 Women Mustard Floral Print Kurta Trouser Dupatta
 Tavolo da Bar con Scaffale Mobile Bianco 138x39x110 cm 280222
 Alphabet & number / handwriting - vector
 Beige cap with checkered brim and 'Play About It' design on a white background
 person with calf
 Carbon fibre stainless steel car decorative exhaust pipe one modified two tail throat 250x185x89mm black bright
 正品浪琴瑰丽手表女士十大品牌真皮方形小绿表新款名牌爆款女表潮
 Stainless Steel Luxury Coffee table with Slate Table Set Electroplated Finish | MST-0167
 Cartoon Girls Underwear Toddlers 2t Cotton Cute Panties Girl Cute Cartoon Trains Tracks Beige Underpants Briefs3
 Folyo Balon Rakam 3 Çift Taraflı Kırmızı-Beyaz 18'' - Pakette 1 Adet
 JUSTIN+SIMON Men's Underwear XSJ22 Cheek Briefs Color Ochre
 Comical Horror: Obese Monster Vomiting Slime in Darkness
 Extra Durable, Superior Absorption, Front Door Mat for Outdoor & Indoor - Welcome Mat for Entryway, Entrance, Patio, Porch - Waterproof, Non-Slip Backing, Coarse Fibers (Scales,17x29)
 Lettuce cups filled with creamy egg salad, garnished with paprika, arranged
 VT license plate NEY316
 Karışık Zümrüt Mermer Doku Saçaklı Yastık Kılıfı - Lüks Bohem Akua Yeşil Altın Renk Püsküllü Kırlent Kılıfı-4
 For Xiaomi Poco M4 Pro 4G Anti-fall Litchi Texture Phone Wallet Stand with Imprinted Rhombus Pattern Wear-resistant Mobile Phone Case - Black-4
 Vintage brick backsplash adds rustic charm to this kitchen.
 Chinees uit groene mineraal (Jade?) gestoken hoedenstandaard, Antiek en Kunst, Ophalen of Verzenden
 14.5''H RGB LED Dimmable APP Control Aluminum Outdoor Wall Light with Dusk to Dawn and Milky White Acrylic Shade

*****

* [PROBLEM TO WORK ON] The reply should be nothing but the number of lines in the entries that include "with".

* [RESULT OF THIS EXERCISE] 6